Ocr.Vellum.Cli 0.2.6

dotnet tool install --global Ocr.Vellum.Cli --version 0.2.6
                    
This package contains a .NET tool you can call from the shell/command line.
dotnet new tool-manifest
                    
if you are setting up this repo
dotnet tool install --local Ocr.Vellum.Cli --version 0.2.6
                    
This package contains a .NET tool you can call from the shell/command line.
#tool dotnet:?package=Ocr.Vellum.Cli&version=0.2.6
                    
nuke :add-package Ocr.Vellum.Cli --version 0.2.6
                    

Vellum

Chrome screen-ai OCR for .NET 9. Loads Google Chrome's built-in OCR engine (chrome_screen_ai.dll / libchromescreenai.so) directly from managed code and extracts text from PDFs and images — no browser window, no Tesseract, no cloud API.

A .NET port of sergiocorreia/clv-locro. NuGet: Ocr.Vellum (library) and Ocr.Vellum.Cli (global tool).

Note — the native Chrome OCR library is not redistributed. You need either a local Chrome install (the wrapper finds it automatically) or a one-time vellum download copy step. See Screen AI binaries below.


Features

  • Fast, local OCR via the same on-device engine Chrome ships for accessibility.
  • PDF and image input.pdf, .jpg, .jpeg, .png, .webp, .bmp, .tiff, .tif, .gif.
  • Structured results — pages → blocks → lines → words, each with bounding box and confidence.
  • Searchable PDF output — overlay an invisible text layer on the original pages.
  • Interactive HTML report — single self-contained file with hoverable word boxes and a synchronised sidebar (AWS Textract-style viewer).
  • ASP.NET Core readyservices.AddVellumOcr() with lazy initialisation; your app starts even before the binaries are installed.
  • Cross-platformwin-x64 and linux-x64.

Install

Library

dotnet add package Ocr.Vellum

The namespace is Vellumusing Vellum; — the Ocr. prefix is just the NuGet package id (the plain Vellum id was already taken).

CLI (global tool)

dotnet tool install -g Ocr.Vellum.Cli

Exposes a vellum command with three subcommands: ocr, download, export.

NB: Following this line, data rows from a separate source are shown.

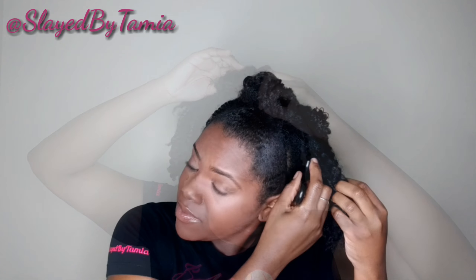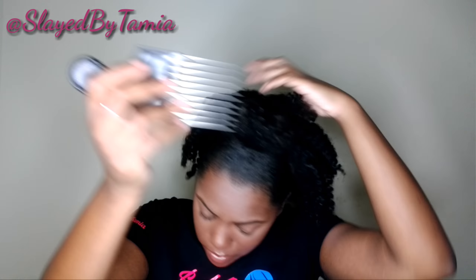Then I am going to twist the ponytail and pin it in the back using a bobby pin. Once you pin it in the back, you can fluff it however you want it.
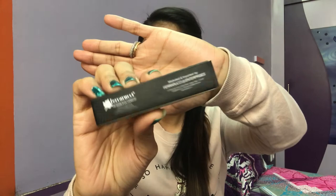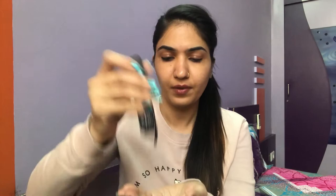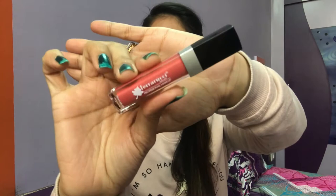These lipsticks are priced at rupees 7.99 each. The quantity in each bottle is 6ml and it comes in a shade range of 26 shades. Talking about the packaging, it comes in a black packet with a color swatch and shade number on it. These lipsticks don't have names — they come with numbers. The one I have is shade number zero-two-eight.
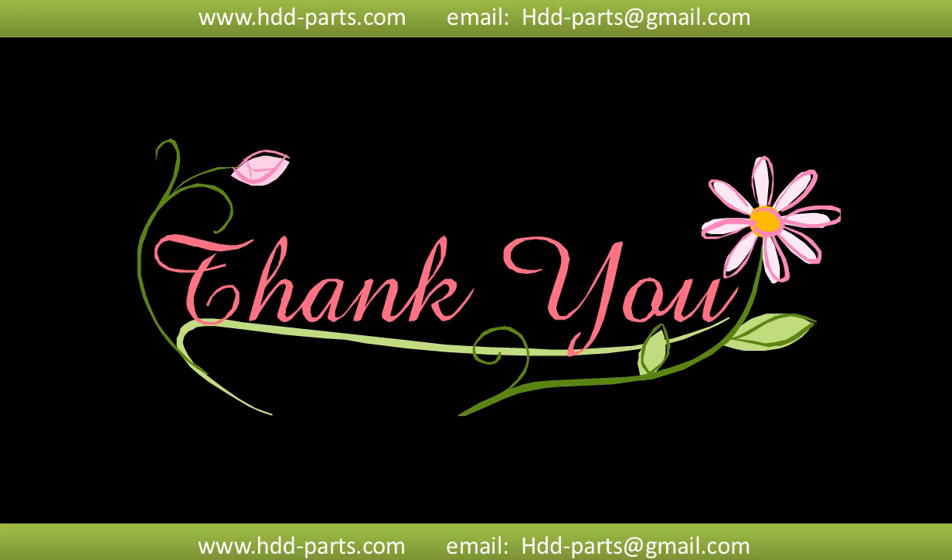Thank you so much for taking your precious time to watch my video. Any comments are really appreciated. If this video was a little bit of help, could you please click like to support me? Thank you, and goodbye.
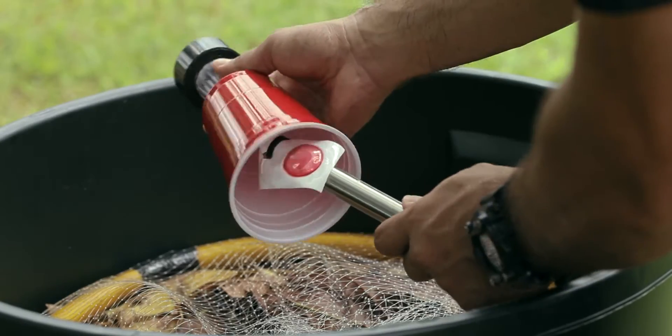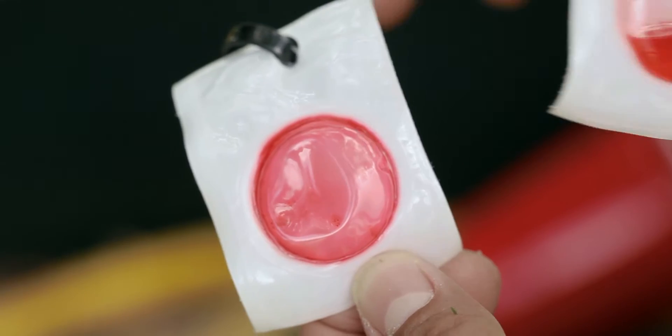Also, over time the pheromone lure will dry up, so replace it with a new one as needed.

Screen AI binaries — one-time setup

The Chrome OCR library (~33 MB DLL plus ~100–250 MB of TFLite models) is licensed to ship only with Chrome. Vellum does not redistribute it. Pick one of:

Option Setup
A. Use Chrome in place Install Chrome, open chrome://components, trigger Screen AI download. Vellum finds it.
B. Copy out of Chrome vellum download — copies into %LOCALAPPDATA%\vellum\<version>\ (Windows) or ~/.local/share/vellum/<version>/ (Linux).
C. Ship a portable zip On a machine with the component installed, run vellum export -o bundle.zip. On target machines, drop it at ~/Dropbox/bin/screen-ai-{windows,linux}.zip or pass --zip.

Discovery order used at first OCR call: Chrome → Vellum cache → Dropbox zip → Omaha server (currently restricted to Chrome).


Quick start

Library

using Vellum;

using var ai = new ScreenAI();               // auto-discovers the component
var result = ai.Ocr("invoice.pdf");

Console.WriteLine(result.ToText());           // plain text, pages joined by \f
File.WriteAllText("invoice.json", result.ToJson());

CLI

vellum ocr document.pdf                    # writes document_ocr.txt + document_ocr.json
vellum ocr photo.jpg --text                # pipe-friendly text to stdout
vellum ocr big.pdf -p 1-5,10                # specific pages
vellum ocr scan.png --light                 # smaller/faster model
vellum ocr doc.pdf -s doc_searchable.pdf    # invisible text overlay
vellum ocr doc.pdf --html doc.html          # interactive HTML report

Full page-spec grammar: 1, 1-10, 1,3,5, 1-5,10-12 — ranges and single pages, comma-separated.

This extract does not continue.